SecondFi has identified the root cause of the recent exploit that targeted hundreds of Cardano wallets. It warned affected users not to restore their recovery phrases into another wallet, as the compromise occurs at the private key level rather than the wallet application itself.
In an investigation update published on June 25, the Cardano wallet provider said the attack stemmed from a deterministic nonce derivation flaw in its software signer. This allowed attackers to mathematically reconstruct private keys from publicly available blockchain data after affected addresses signed transactions.
The findings come days after the exploit drained approximately 16 million ADA, worth about $2.4 million. It affected 374 wallets across four separate wallet-draining events.
SecondFi says signing flaw exposed private keys
According to SecondFi, the vulnerability existed at the address level. This means compromised keys remain exposed even if users import the same recovery phrase into another Cardano wallet.
The company said every transaction signed by an affected address leaked sufficient information for attackers to derive that address’s private key from on-chain data.
As a result, SecondFi urged affected users not to migrate their recovery phrases to another wallet or attempt to move funds independently. It warned that compromised addresses could be drained again.

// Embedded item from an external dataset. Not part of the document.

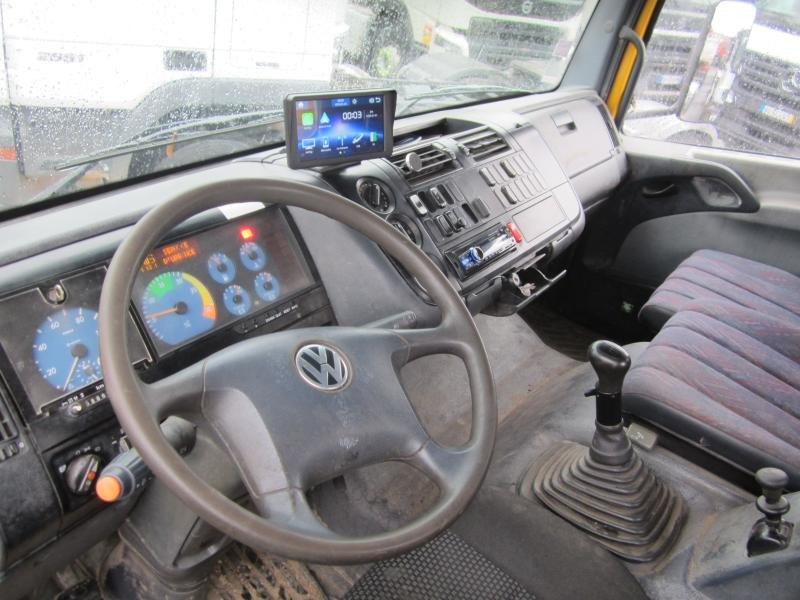 Mercedes Atego 1823 - Kamion s kukastom dizalicom: slika Mercedes Atego 1823 - Kamion s kukastom dizalicom Mercedes Atego 1823 - Kamion s kukastom dizalicom: slika Mercedes Atego 1823 - Kamion s kukastom dizalicom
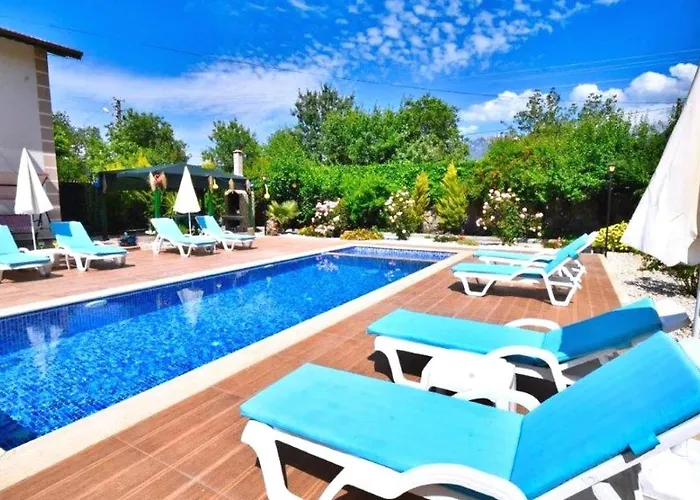 Kayakoey 4 Bedroom With Private Pool فتحية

It also cautioned against withdrawing staking rewards, as such transactions could expose funds to attackers monitoring the mempool.
Instead, the wallet provider advised affected users to wait for its official recovery process while submitting claims through its support portal.

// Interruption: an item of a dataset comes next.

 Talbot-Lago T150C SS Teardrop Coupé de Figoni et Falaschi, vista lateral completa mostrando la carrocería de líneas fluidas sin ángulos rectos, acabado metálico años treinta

Recovery effort enters next phase
SecondFi said it has completed mapping all wallets affected during the initial exploit and has begun the next stage of its recovery program.
The company confirmed that 374 wallet addresses were impacted, with approximately 16 million ADA compromised. It added that emergency containment efforts have already secured around 129 million ADA, which is being held pending recovery operations.

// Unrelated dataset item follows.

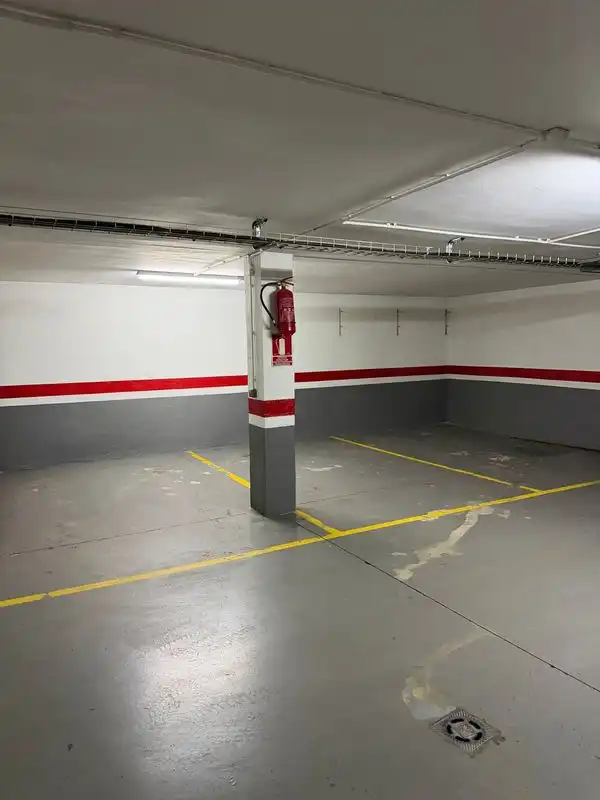 Parking de Piso de alquiler en Encamp con Aire acondicionado, Calefacción y Parquet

SecondFi has also established a dedicated restoration fund to reimburse affected users and engaged multiple external security firms to audit its systems before resuming normal operations.
The platform remains in maintenance mode while independent security reviews continue.
Investigators identify two attacker groups
As part of its latest update, SecondFi said it had identified and isolated the blockchain addresses associated with two attackers responsible for the automated wallet-draining campaigns between June 21 and 23.
According to the investigation, one attacker drained 171 wallets across two waves. At the same time, a second actor compromised 203 wallets during a separate sweep.
The company also disclosed that approximately 4.02 million ADA linked to the exploit remains in one identified collection wallet. The wallet has been flagged and remains under active monitoring.
Final Summary
- SecondFi traced the Cardano wallet exploit to a deterministic nonce-derivation flaw that enabled attackers to reconstruct private keys from public blockchain data.
- The company has launched a recovery program, identified two attacker groups, and warned affected users not to restore compromised recovery phrases into other wallets.